How a Complaint Sandwich is Like A Turkey Sub

1. Both are practical: Turkey sub is a business transaction type of meal. It may not be fantastic but it's usually edible and sufficiently filling. The complaint sandwich is practical too. It is a way of structuring your message so that you get your point across clearly. The instructions for this technique are easy to follow and clearly laid out.

2. Both are not spicy: I mean I guess you could put sriracha on your turkey sammie but for the most part it's a pretty bland food group. The complaint sandwich is a calm method of communicating as well. There is no heat - no shouting, no temper tantrums, no scathing emails. Calmness is important to keep in mind when you are about to express your complaint.

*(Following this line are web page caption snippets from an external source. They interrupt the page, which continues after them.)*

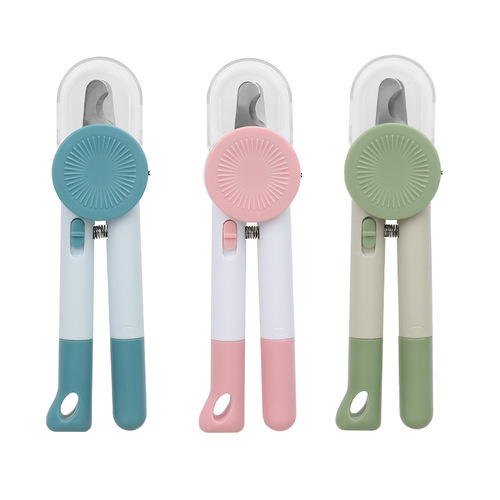 Pet Nail Clippers Cat Nail Clipper Cat Scissors LED Light Anti-Splash Dog Nail Clipper File Pet Supplies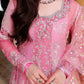 Mushq Bachelorette Chiffon Embroidered 3-Piece Unstitched Suit (Pink Promise)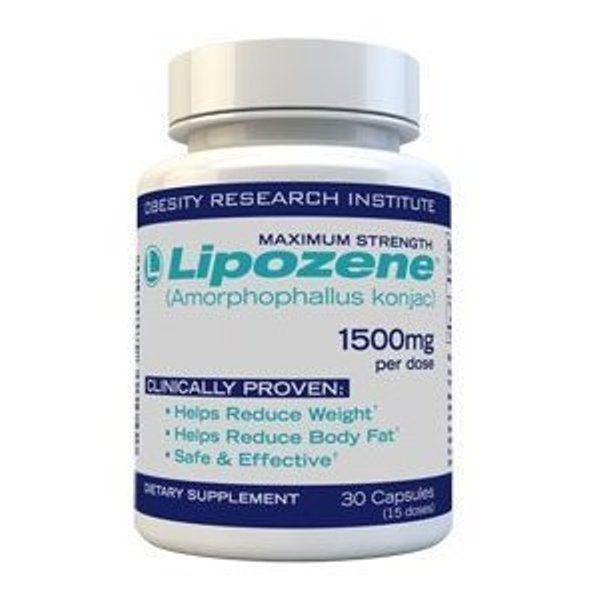 Lipozene 60 capsules Lose weight Easily (TWO 30 capsule bottles)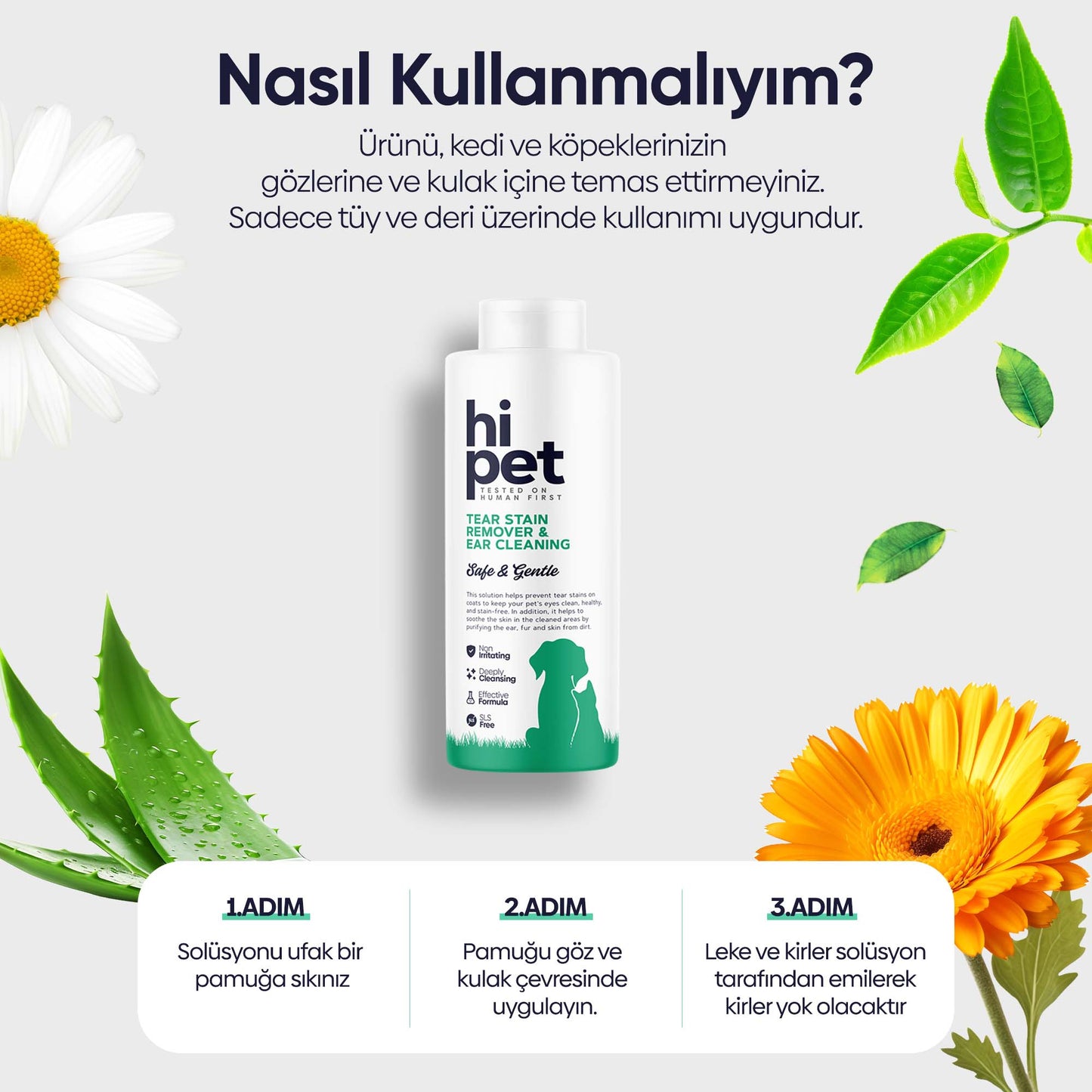 Gözyaşı Lekesi ve Kulak Temizleme Solüsyonu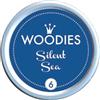Woodies Inchiostro a Base Dye Latta Silenzioso Mare, Acrilico, Multicolore, 3 Pezzi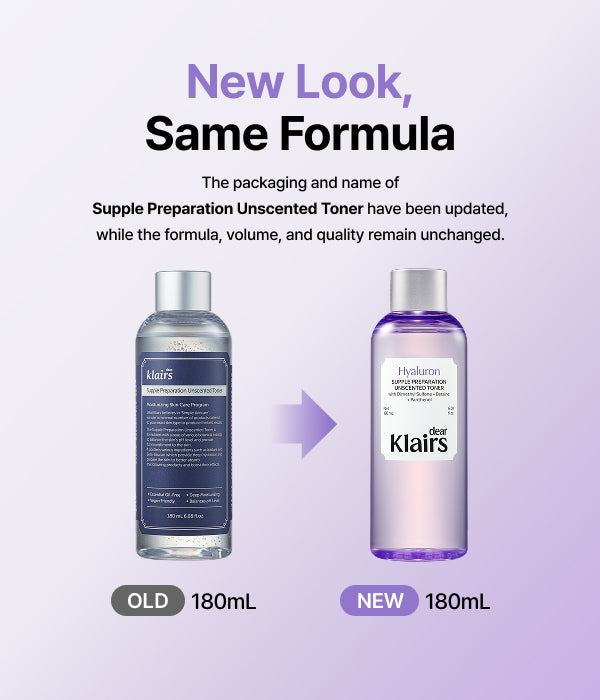 Dear Klairs Supple Preparation Unscented Toner 180ml product image 2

3. Both are best served fresh: Sometimes when we are complaining to someone, it's tempting to re-hash old beefs. For example: You never empty your recycling. I've talked to you about this a million times. In a complaint sandwich, you stay in the here and now. You are complaining about something that is a current issue. Turkey subs, too, can not be frozen and reheated. They are normally consumed minutes after assembly.

4. Both are best with lean meat: When complaining it is sometimes tempting to pile on the examples but all you really need is one incident to illustrate your point. If you are lean, and just stick to one thing that is driving you crazy at that moment you are more likely to get good results. I am 99% sure that the turkey used in subs is 99% lean.

5. Brown lettuce could be a problem: If your favourite part of the sandwich is the iceberg, and it looks a little brown to you, this could make for a disappointing sub. A complaint sandwich does not contain lettuce so you're probably ok there.

Where You Could Potentially Go Wrong
I don't think a complaint sandwich is edible so pay attention when you are ordering your lunch.